The Veterinary Medicines Directorate (VMD) has praised the efforts being taken by the pig industry to reduce its antibiotic usage.
Speaking at a conference on reducing antibiotics in farming hosted by Innovation for Agriculture, Paul Green (above), the VMD’s director of operations said the UK Government saw addressing antimicrobial resistance (AMR) as a ‘ key, key challenge’.
The Government’s latest national security risk assessment identified AMR as a ‘Tier 1 risk, up there with terrorism, climate change and global flu pandemics’, he said.
He explained how the Government’s antibiotic strategy aimed to address the risk of transmission of resistance from animals to humans and to preserve the veterinary antibiotics for the future. “It is only really with good stewardship that we will prevent more untreatable conditions,” he said.
Mr Green outlined the work being done through the Responsible Use of Medicines in Agriculture (RUMA) Targets Task Force in setting sector specific targets and said the poultry sector has been at the ‘vanguard of good stewardship’ for many years before praising the pig sector’s recent progress.
“The pig sector has also been very active,” he said. “The electronic medicine book, which the latest figures show now has 70% coverage of the national herd, was launched last year and was followed up by the (NPA’s) antibiotic stewardship strategy.
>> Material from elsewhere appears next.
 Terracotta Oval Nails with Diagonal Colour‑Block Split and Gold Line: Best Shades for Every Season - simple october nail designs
Data from the pig sector show there have been dramatic falls in the use of Colistin and quite sharp falls in the use of antibiotics in feed for young pigs.”
He stressed, however, that more needs to be done across the livestock sectors and urged farmers and vets to ‘talk to each other about antibiotic use, farm health planning, biosecurity and disease prevention’.
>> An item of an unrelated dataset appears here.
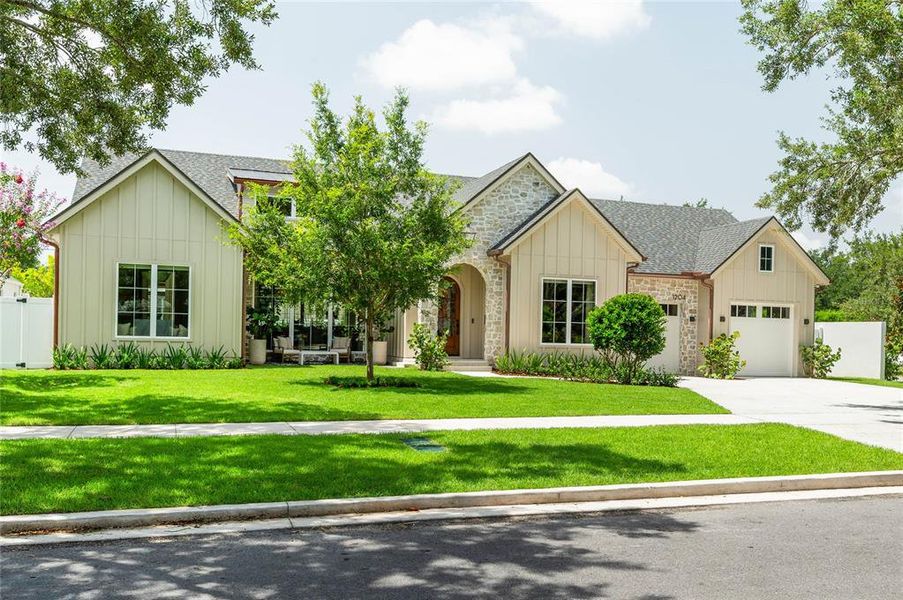Front exterior of a new home in , Orlando, FL, highlighting curb appeal (Image 21). Front exterior of a new home in , Orlando, FL, highlighting curb appeal (Image 21).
He added that the 50mg/kg livestock industry-wide target for antibiotic usage, which the industry is on course to meet, was ‘just the start’, ahead of sector-wide targets to be announced in October. “My own view is that we have quite a way to go,” he said.
Brilliant progress
NPA senior policy advisor Georgina Crayford (left) told the audience of farmers and animal health experts gathered at the event in Stoneleigh, Warwickshire, that the pig industry was ‘really proud’ of the ‘brilliant progress’ made over the past year or so in rising to the antibiotic challenge.
On top of the 70% coverage under eMB-Pigs, the 70% reductions in Colistin use and the halving of antibiotics in piglet feed, Dr Crayford also highlighted Pig Veterinary Society prescribing principles ensuring that Critically Important Antibiotics are used only as a drug of last resort in pigs.
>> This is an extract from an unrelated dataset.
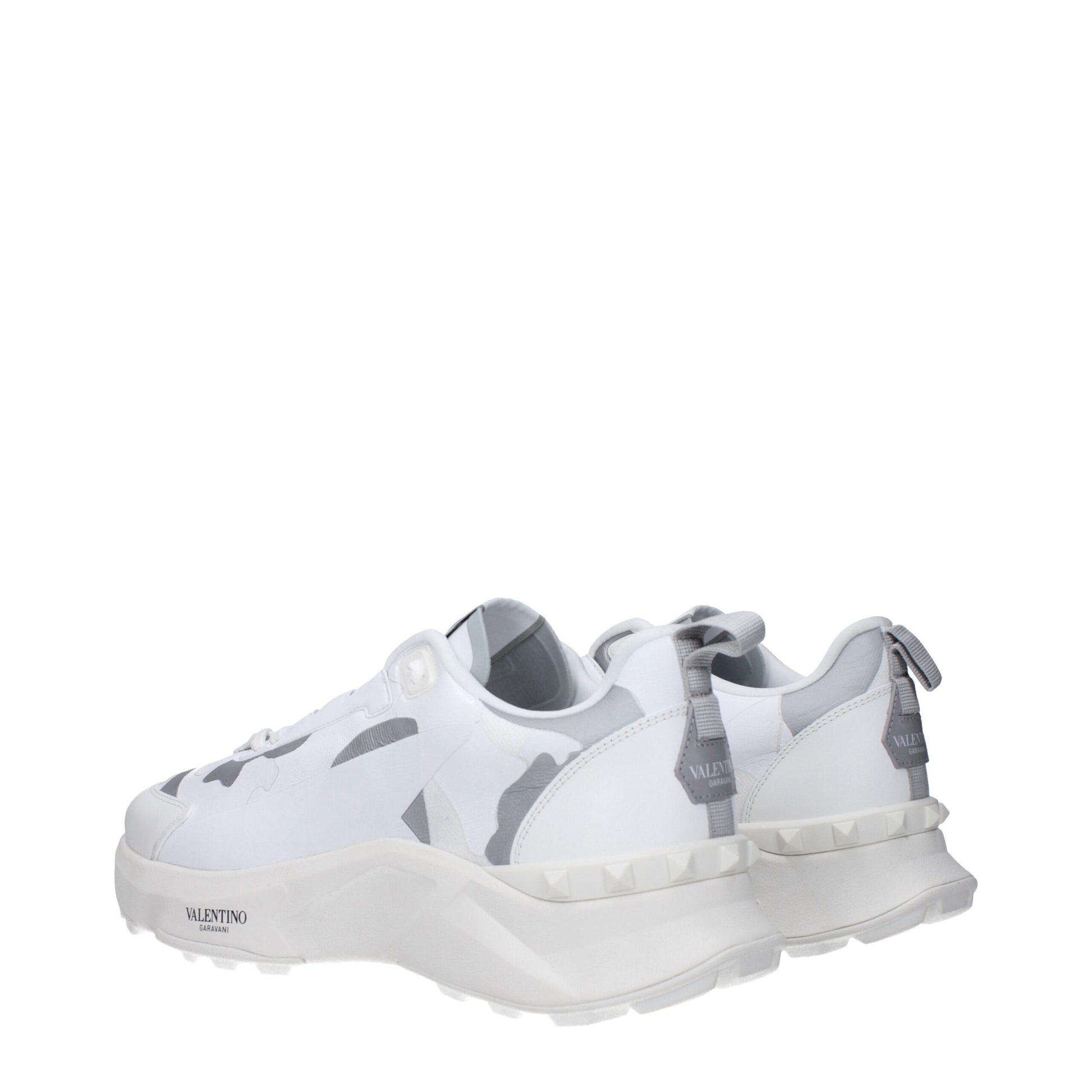 White athletic sneakers with camouflage pattern on sides, featuring laces and a chunky sole design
Overall pig industry usage is believed to have fallen significantly in 2016 and the first half of 2017. But she acknowledged that the pig industry, the highest using sector despite representing only 10% of livestock biomass, faced some ‘inherent challenges’ in addressing its antibiotic usage.
“Further progress is achievable but it might not be as quick as some people were hoping,” she said.
She highlighted the need to stimulate greater awareness among farmers about the need to act to protect the use of antibiotics for their own pigs’ health and public health as well’.
She added: “There has also been a distinct lack of investment in the pig industry, which means farmers have just not been able to modernise their systems and move away from habitual prophylactic use of antibiotics. But those challenging discussions between farmers and vets are now starting to happen.”
“But we will need time – reductions are not going to happen overnight. We need this attitudinal shift among producers and we need support from retailers and processors. They must not make antibiotics a competitive issue.”
Intensive farming link?
Dr Crayford also refuted the suggestion from Coilin Nunan (left), of the Alliance to Save our Antibiotics, of a link between intensive farming systems and higher antibiotic usage.
Calling for ‘urgent action to reduce farm antibiotic use’, including a ban on preventative treatments and limits on CIAs, he said: “Antibiotic use can be significantly reduced without changing farming methods, but even lower levels can be achieved in organic and other extensive farming systems.”
But Dr Crayford said equating production systems with antibiotic use was ‘far too simplistic’. “There is much wider context. Pig producers are running a business and they need to produce at a price point the consumer is willing to pay for.”
She also pointed out that high-tech, hygienic modern pig buildings can support reductions in antibiotic usage, as has been the case in Denmark and Holland, while high welfare straw system can sometimes be harder to keep free of infections.